National Park Service officials seem to be back at square one in their deliberations over how best to utilize historic officers' quarters at Fort Hancock at Gateway National Recreation Area in New Jersey.
While there had been plans by a developer to transform three dozen of the buildings into a range of commercial establishments -- bed-and-breakfasts, restaurants, conference facilities -- that vision collapsed for lack of sound financing. In October 2009 top Park Service officials deemed the contract with Sandy Hook Partners, LLC null and void.

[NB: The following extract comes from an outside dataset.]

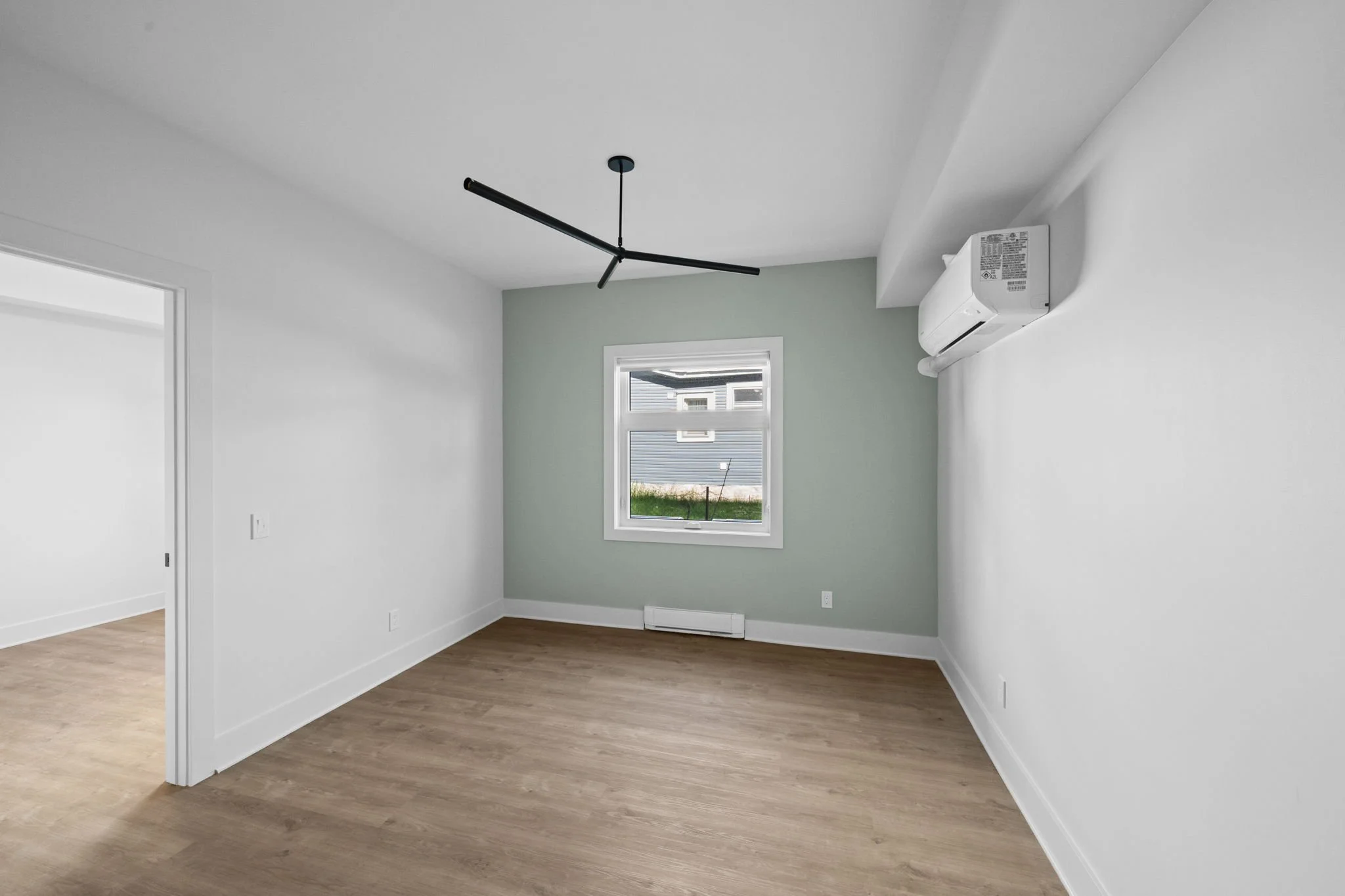 30-web-or-mls-Drummond St-27.jpg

The developer had planned to spend $70 million-$90 million on restoring the buildings that lie within the NRA's Sandy Hook unit. Sixteen Officer's Row homes were envisioned as bed-and-breakfast inns. A dorm once used for U.S. troops was proposed to be transformed into classrooms for Rutgers University or perhaps Brookdale Community College. Mess halls, gymnasiums, even the old mule barn and the officer's club also were part of the deal. And the NPS would spend $2.2 million on a new dock so he could ferry conferees over to Fort Hancock from Manhattan.
Now Gateway officials are back to gathering public comment on how best to utilize the facilities. U.S. Rep. Frank Pallone, D-NJ, who opposed the commercial vision, said that effort is an example of how not to manage the buildings.

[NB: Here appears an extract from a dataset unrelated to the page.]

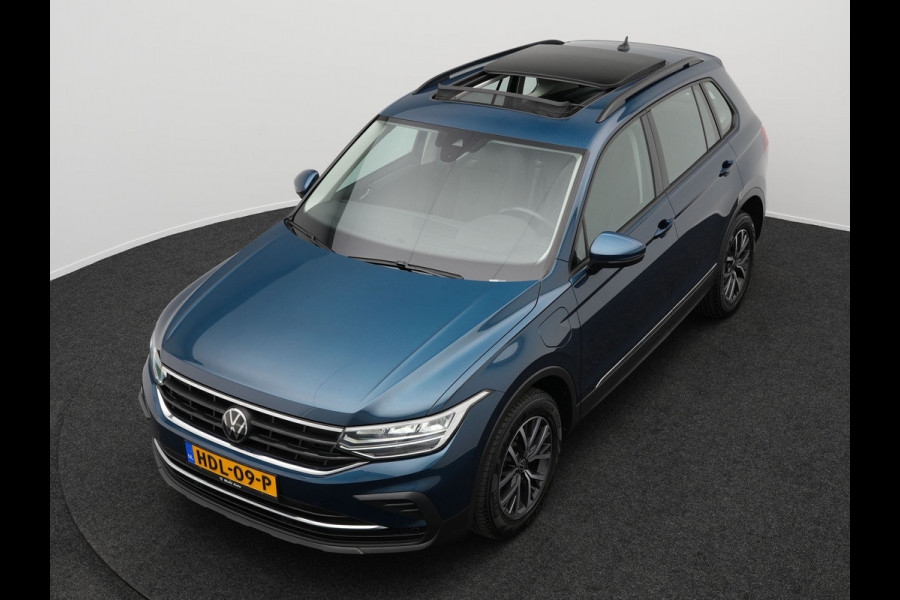 Volkswagen Tiguan 1.4 TSI Life 245pk Plug In Hybrid PHEV | Panorama Dak | Adaptive Cruise | Navigatie | Sportstoelen + Massage | Spraakbediening |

“The last 20 years have provided us with an example of how not to move forward. The large lease that was established for 36 of the buildings failed. While the irresponsible lessee allowed the valuable historical buildings to deteriorate, it was the local community’s ability to enjoy the historic landmark that paid the unfortunate cost," the congressman said in a press release. "Today we are faced with even greater damage to repair and the need for additional resources to fully restore the historic buildings. I believe the course forward should move away from large development plans like Sandy Hook Partners that encourage commercialization and towards a more efficient building by building rehabilitation strategy."
According to news reports, Gateway officials now are looking for individual tenants, such as universities, to occupy the buildings.